An Industry Trapped by a Theory
by Robert Kuttner
In the search for the source of Thursday's blackout, the underlying cause has been all but ignored: deregulation. In principle, deregulation of the power industry was supposed to use the discipline of free markets to generate just the right amount of electricity at the right price. But electric power, it turns out, is not like ordinary commodities.
Electricity can't be stored in large quantities, and the system needs a lot of spare generating and transmission capacity for periods of peak demand like hot days in August. The power system also requires a great deal of planning and coordination, and it needs incentives for somebody to maintain and upgrade transmission lines.
Deregulation has failed on all these grounds. Yet it has few critics. Evidently, even calamities like the Enron scandal and now the most serious blackout in American history are not enough to shake faith in the theory.
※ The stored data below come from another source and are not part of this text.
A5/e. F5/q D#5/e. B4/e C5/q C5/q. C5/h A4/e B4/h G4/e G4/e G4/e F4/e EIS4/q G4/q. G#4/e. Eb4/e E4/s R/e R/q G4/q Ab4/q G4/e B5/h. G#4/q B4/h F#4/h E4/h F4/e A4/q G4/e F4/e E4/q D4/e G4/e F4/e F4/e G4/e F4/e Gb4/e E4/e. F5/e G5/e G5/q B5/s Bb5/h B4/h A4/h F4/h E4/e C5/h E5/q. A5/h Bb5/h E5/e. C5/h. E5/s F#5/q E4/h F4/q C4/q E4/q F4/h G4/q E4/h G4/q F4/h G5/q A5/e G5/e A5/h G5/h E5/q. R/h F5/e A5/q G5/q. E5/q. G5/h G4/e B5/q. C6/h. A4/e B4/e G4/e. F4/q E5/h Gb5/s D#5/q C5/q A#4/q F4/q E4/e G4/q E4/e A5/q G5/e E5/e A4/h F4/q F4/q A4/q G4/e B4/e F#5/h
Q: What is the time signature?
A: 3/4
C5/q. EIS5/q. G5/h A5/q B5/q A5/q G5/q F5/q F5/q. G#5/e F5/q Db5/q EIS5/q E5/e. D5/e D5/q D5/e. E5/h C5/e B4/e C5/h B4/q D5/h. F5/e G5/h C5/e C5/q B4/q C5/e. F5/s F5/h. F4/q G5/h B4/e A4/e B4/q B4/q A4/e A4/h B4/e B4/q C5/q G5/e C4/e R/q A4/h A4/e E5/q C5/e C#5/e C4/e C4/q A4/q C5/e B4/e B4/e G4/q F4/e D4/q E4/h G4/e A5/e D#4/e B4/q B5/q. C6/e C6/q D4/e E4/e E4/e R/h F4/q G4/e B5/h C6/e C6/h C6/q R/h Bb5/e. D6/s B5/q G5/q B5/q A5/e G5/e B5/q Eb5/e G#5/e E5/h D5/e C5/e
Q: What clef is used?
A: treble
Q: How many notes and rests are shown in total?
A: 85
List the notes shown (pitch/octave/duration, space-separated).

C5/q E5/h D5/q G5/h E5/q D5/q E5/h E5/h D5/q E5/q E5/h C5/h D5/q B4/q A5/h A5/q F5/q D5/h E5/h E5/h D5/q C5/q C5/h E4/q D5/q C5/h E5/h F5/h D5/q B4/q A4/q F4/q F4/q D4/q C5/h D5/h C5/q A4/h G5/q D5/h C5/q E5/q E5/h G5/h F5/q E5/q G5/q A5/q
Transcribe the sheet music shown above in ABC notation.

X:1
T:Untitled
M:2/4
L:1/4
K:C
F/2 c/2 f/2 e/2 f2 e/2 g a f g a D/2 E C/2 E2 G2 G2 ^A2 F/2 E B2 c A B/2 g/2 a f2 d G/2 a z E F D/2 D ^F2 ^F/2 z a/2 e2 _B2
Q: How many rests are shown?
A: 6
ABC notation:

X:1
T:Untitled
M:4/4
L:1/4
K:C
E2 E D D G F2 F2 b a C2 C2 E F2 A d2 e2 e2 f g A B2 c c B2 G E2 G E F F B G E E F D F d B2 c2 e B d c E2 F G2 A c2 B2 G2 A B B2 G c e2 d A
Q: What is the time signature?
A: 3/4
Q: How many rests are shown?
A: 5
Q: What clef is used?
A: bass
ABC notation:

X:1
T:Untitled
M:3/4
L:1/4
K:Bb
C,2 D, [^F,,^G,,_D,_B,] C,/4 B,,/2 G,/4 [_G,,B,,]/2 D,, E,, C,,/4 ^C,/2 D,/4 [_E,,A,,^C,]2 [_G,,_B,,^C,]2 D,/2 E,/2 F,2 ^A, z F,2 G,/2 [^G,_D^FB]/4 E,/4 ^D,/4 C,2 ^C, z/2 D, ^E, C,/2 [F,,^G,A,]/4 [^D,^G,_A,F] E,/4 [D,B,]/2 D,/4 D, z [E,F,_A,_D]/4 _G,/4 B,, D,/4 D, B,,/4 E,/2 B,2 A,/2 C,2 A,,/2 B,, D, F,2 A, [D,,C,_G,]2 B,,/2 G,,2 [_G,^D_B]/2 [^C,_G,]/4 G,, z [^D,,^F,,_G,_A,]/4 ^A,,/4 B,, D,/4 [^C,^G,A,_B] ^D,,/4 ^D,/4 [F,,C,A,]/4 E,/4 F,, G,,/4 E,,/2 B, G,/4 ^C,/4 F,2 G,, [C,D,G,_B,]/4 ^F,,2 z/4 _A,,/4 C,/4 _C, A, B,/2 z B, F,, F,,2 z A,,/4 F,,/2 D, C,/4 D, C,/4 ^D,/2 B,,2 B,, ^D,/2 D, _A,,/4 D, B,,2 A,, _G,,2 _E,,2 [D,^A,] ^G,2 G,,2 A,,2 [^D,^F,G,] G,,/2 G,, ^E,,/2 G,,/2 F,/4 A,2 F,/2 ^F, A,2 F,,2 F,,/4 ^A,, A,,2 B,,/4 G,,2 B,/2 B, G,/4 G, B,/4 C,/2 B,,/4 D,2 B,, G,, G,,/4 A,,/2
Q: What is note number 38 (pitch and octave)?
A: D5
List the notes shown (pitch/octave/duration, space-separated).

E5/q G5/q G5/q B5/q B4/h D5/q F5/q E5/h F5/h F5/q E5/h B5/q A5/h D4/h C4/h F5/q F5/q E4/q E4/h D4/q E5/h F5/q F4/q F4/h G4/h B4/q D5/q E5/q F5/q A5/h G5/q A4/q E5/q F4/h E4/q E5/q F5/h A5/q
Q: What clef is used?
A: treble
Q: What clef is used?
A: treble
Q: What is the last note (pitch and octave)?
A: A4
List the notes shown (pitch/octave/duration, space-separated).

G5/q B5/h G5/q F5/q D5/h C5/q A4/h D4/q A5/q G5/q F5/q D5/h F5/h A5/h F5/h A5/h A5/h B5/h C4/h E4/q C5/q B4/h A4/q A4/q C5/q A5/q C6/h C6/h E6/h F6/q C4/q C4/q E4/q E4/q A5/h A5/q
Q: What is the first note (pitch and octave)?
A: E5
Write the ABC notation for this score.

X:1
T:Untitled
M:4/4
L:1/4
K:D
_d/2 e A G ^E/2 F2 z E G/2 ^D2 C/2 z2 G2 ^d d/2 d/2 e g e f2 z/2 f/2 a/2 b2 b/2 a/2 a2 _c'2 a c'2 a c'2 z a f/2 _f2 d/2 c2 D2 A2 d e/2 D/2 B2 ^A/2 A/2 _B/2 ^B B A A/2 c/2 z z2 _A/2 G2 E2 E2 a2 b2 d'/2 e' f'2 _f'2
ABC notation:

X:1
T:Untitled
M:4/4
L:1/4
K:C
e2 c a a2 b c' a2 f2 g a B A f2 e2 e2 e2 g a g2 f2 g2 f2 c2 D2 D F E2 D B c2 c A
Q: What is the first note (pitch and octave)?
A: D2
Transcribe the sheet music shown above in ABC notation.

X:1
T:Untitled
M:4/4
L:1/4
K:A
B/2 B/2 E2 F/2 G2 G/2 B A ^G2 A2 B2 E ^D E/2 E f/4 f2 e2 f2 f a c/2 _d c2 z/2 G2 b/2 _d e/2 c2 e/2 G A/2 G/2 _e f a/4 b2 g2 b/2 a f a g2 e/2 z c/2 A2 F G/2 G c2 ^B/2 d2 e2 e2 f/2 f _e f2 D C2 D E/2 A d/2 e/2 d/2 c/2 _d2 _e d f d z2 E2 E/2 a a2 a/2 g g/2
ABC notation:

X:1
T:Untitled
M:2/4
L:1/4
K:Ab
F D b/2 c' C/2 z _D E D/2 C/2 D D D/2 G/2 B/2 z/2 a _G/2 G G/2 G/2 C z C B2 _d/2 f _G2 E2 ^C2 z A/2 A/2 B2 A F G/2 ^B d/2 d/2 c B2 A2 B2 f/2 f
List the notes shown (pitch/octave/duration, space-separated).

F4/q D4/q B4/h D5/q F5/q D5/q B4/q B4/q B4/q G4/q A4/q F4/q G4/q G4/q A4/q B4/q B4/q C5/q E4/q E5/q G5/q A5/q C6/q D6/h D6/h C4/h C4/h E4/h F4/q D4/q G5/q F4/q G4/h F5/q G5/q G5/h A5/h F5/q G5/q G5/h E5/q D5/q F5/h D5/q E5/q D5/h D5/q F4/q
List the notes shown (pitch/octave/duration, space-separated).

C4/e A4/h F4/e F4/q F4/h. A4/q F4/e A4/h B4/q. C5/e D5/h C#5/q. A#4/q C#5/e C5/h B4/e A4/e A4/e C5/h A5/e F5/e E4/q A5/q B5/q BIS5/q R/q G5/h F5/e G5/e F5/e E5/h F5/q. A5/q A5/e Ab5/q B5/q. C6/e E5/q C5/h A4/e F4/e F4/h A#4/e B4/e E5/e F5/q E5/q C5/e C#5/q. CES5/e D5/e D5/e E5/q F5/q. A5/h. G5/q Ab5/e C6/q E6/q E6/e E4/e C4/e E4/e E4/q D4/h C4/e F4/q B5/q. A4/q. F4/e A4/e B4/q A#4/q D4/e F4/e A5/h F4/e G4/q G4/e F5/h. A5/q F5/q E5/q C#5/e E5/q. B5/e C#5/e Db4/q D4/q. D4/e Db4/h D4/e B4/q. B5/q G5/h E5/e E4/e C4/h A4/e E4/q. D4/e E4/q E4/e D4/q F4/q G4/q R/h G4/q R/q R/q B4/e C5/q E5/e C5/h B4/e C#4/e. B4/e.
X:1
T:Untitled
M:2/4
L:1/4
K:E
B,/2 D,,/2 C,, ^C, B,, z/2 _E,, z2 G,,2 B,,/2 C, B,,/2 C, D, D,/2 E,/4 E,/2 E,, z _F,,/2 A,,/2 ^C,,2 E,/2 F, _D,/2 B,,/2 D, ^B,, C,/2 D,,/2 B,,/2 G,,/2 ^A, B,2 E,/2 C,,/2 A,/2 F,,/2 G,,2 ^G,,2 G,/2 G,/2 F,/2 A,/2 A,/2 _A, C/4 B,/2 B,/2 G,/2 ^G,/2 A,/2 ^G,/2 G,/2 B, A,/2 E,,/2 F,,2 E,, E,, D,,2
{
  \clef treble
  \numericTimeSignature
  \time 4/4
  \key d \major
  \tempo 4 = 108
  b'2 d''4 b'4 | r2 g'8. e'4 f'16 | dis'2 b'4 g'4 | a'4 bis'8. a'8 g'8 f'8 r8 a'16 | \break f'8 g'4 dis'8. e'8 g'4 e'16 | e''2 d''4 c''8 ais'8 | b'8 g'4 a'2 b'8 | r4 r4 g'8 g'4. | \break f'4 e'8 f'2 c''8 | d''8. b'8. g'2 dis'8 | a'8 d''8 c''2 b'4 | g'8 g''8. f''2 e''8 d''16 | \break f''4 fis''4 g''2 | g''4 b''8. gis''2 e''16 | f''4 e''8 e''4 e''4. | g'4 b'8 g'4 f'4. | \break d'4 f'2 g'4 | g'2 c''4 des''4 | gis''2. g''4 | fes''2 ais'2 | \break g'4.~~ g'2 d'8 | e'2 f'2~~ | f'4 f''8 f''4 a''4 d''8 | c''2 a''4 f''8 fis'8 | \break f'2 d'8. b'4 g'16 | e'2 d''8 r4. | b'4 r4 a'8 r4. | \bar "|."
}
Ten years ago, most public utilities were regulated monopolies. They were guaranteed a fair rate of return, based on their capital investment and costs. So the government compensated them for building spare generating capacity and maintaining transmission lines. Regulators, of course, sometimes made mistakes and the industry oversold technologies like nuclear power. Even so, in the half-century before deregulation, productivity in the electric power industry increased at about triple the rate of the economy as a whole.
However, the wave of deregulation that culminated in the late 1990's broke up the integrated utilities like Con Ed that once generated power in its own plants, transmitted it and sold it retail. It ushered in a new breed of entrepreneurial generating and trading companies. However, the prices the local utility companies could charge consumers remained partly regulated. The theory was that local utilities, no longer producing their own power, could negotiate among competing suppliers for the best price and pass the savings along to the consumer.
But deregulation hasn't worked, for three basic reasons. First, there is a fairly fixed demand for electricity and generating capacity is tight, so companies that produce it enjoy a good deal of power to manipulate prices. The Enron scandal, which soaked Californians for tens of billions of dollars, was only the most extreme example. California authorities calculated that a generating company needed to control just 3 percent of the state's supply to set a monopoly price.
Second, the idea of creating large national markets to buy and sell electricity makes more sense as economic theory than as physics, because it consumes power to transmit power. "It's only efficient to transmit electricity for a few hundred miles at most," says Dr. Richard Rosen, a physicist at the Tellus Institute, a nonprofit research group.
Third, under deregulation the local utilities no longer have an economic incentive to invest in keeping up transmission lines. Antiquated power lines are operating too close to their capacity. The more power that is shipped long distances in the new deregulated markets, the more power those lines must carry.
In addition, in the old days of regulation, a utility like Con Ed would be required to regularly submit a resource plan to a state's public service commission. The two organizations would forecast demand and decide how much money should be invested in power plants and transmission lines. Rates would be adjusted to cover costs. Under deregulation, however, nobody plays that crucial planning role.
Much of the Southeast, by contrast, has retained traditional regulation — and cheap, reliable electricity.
When the blackout hit on Thursday, many of us first thought of terrorists. What hit us may be equally dangerous. We are hostage to a delusional view of economics that allowed much of the Northeast to go dark without an enemy lifting a finger.
Robert Kuttner is co-editor of The American Prospect and author of "Everything for Sale: The Virtues and Limits of Markets."